The most powerful man in Happy Valley, a man who was able to tell Curley and school president Graham Spanier a few years ago that he would leave his position when he was damn well ready, made a perfunctory gesture that smacked of self preservation and then removed himself from the situation. In other words, he acted just like any other college football coach would have.
And that’s not good enough, especially for a man who, for decades, has comported himself as an oasis of character in college football’s scorpion-filled desert.
Sandusky’s alleged odious assaults—including sex with a 10-year-old boy in the shower on campus!—stain the entire PSU community, and for Paterno to have knowledge and do nothing more than pass it along the chain of command, as if it were a meaningless misdemeanor, is unforgivable.
This is a football coach who has more power and influence at a university (and rightly so, given his service to Penn State) than any other person in his profession. Had he removed Sandusky from the Penn State picture in 2002 (Sandusky resigned from coaching in 1999 but maintained an office at Penn State and continued to have free run of the facilities), when he heard of the alleged crime, he would have saved other victims on whom Sandusky allegedly preyed–under the guise of his Second Mile charity, formed in 1977 to assist troubled boys from broken homes. Instead, Paterno did the minimum...
Obviously, Paterno has no direct culpability in this. And it appears he was forthright when he spoke with the grand jury. His failing is one of not using his tremendous influence and authority to make sure nothing more occurred and the previous allegations were handled swiftly and decisively. This wasn’t a case of some players trading memorabilia for cash and tats. It’s not an instance of a slimy agent’s slithering into a program. Players weren’t involved. Current coaches had nothing to do with it—other than McQueary and his report. Next to this, the outrage directed at Ohio State and Miami in recent months seems almost comical.
But Sandusky was on Paterno’s staff for five years while allegedly sexually assaulting boys, and it’s astounding that when this information was brought to Paterno in 2002 (three years after Sandusky’s retirement from PSU) he didn’t do more.
Further, it’s hard to believe no one at the school knew about the alleged misdeeds before McQueary told Paterno what he saw. Paterno’s statement Sunday spoke of being “fooled,” along with “scores of professionals trained in such things.” Again, Paterno sounds like someone interested in protecting himself and his program, not a person in power for whom a report of such behavior would have triggered outrage and action.

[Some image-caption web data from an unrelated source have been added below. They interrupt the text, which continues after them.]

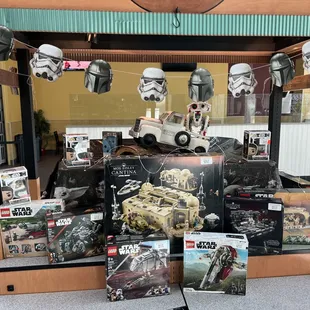 Discount Store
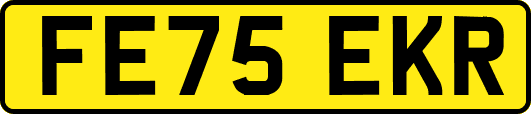 FE75EKR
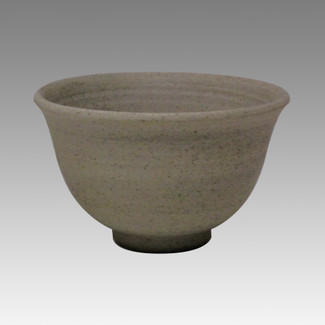 Mud Foaming - Tokoname Pottery Tea Cup : 5chawan - Japanese casual ceramic - Item Image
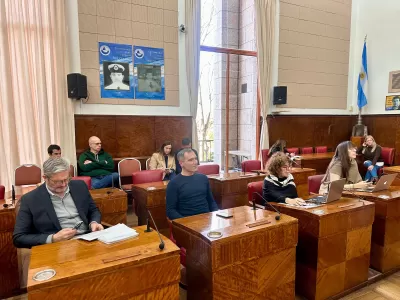Legislación en Mar del Plata: se analizó proyecto para establecer el Día del Periodista Marplatense en homenaje a "Cholo" Ciano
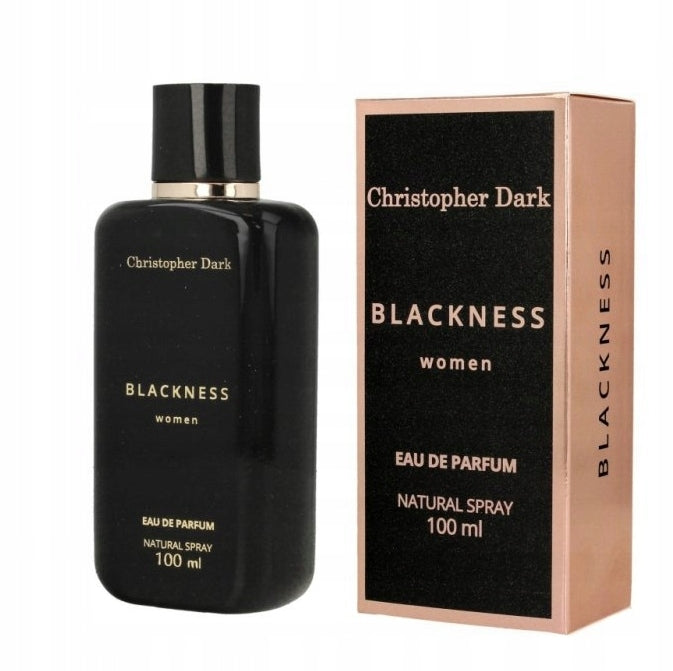 Christopher Dark BLACKNESS 100ml EDP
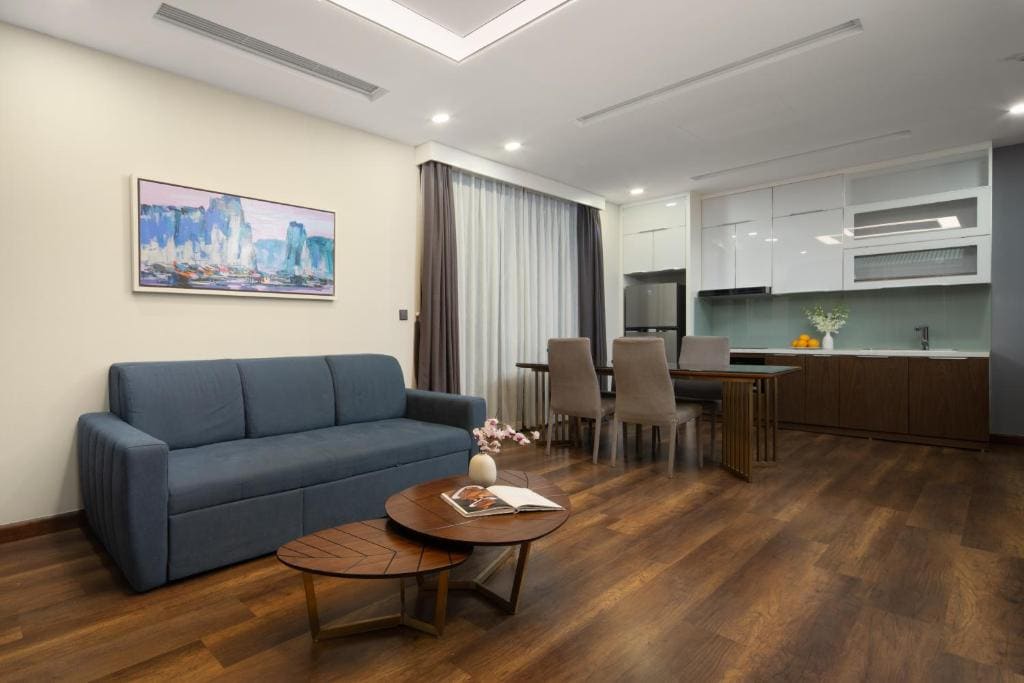 2-Bedroom Deluxe Sky room - Image 3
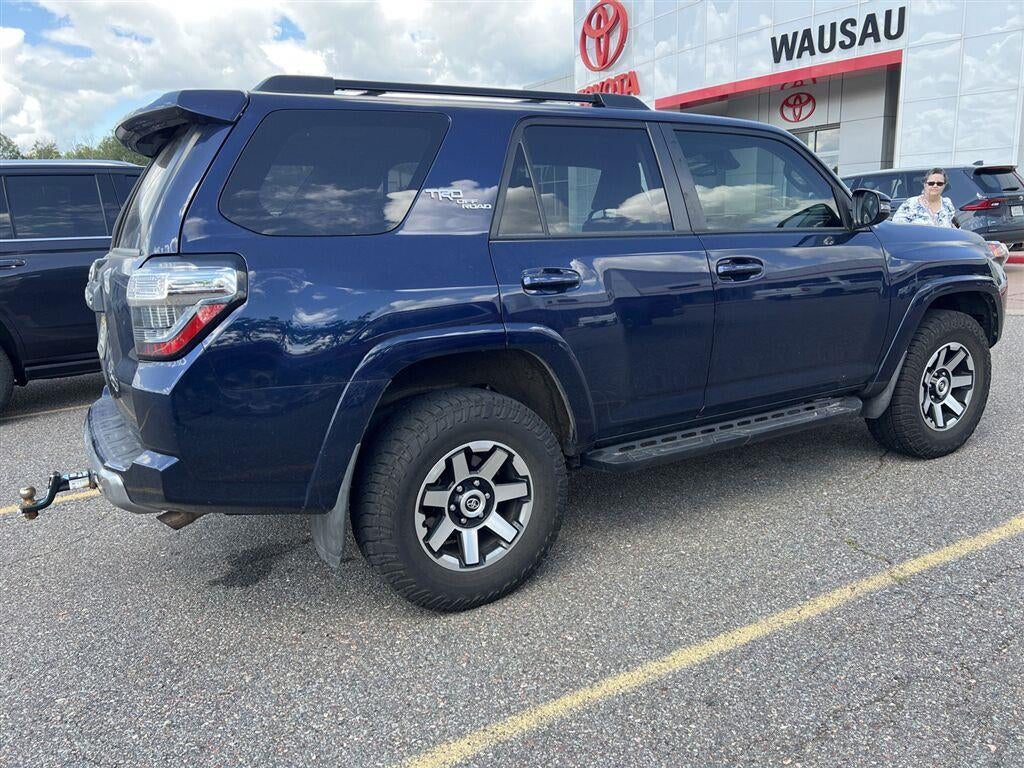 2020 Toyota 4Runner TRD Off Road Premium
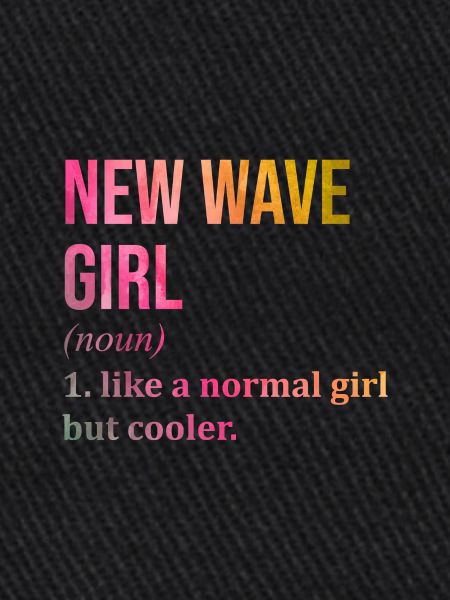 Nouvelle vague Nouvelle vague Nouvelle vague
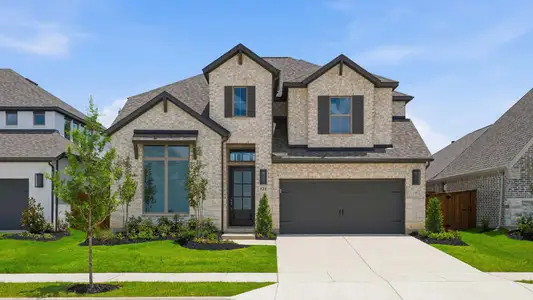 New construction Single-Family house 521 Cooper St, Celina, TX 75009 plan 2999W - image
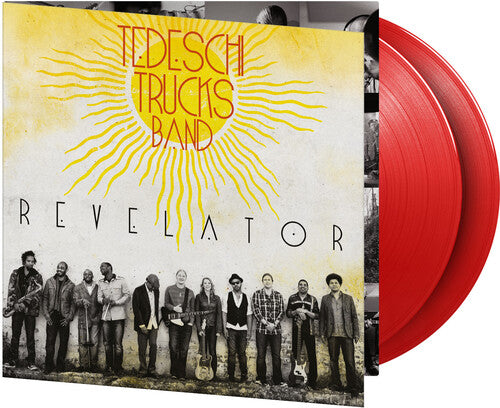 TEDESCHI TRUCKS BAND - REVELATOR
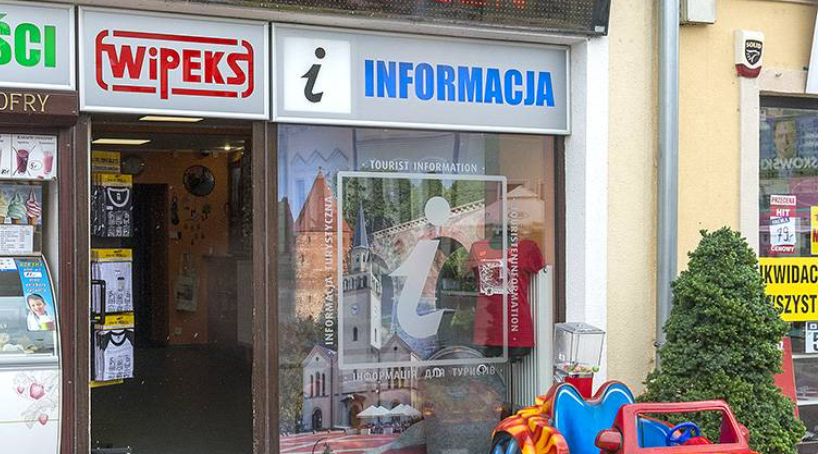 Punkt Informacji Turystycznej w Bytowie przeniesiony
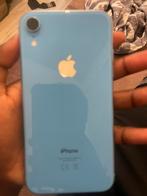 Iphone X, Blauw, 64 GB, Niet werkend, Zonder abonnement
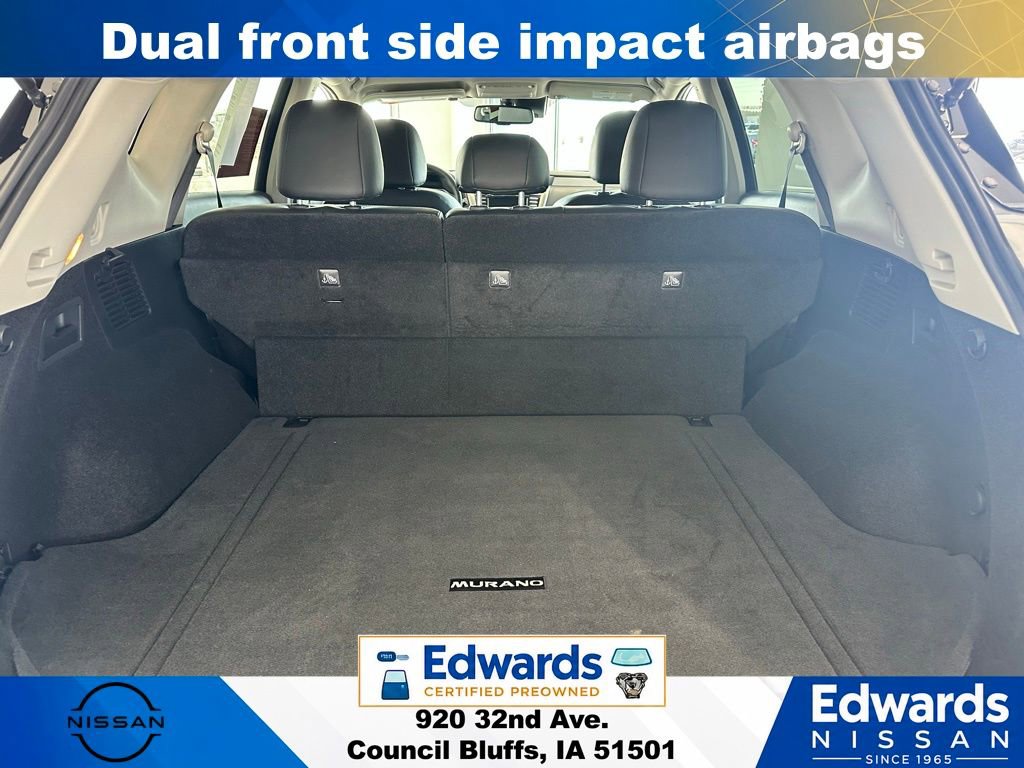 Used 2024 Nissan Murano SV w/ SV Midnight Edition Package AWD/4WD image 10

Suddenly, the misdeeds of Woody Hayes, Bobby Knight, and others don't look so bad. They did run clean programs, but never pretended to be angels. Bear Bryant? He admitted he'd made mistakes, that he was accountable.
Paterno? "Hey, news to me!"
Am I happy that Paterno's legacy is now stained beyond any cleansing? No, because the reason for it is despicable.
But I am interested to hear the reactions of those who thought he was "a great American" who provided a great environment for "kids."
Oh, by the way, that quarterback who ran up the score on Rutgers at the Meadowlands in 1995, causing then-RU coach Doug Graber to curse Paterno out?
In my original June 2009 post, I chose not to name him, calling him a henchman rather than a villain.
Turns out, it was... drumroll, please... Mike McQueary, the same man who told Paterno about Sandusky's crimes.
I wonder: Was he trying to get Paterno to do the right thing? Or... was he Paterno's Haldeman? I wonder if there are tapes.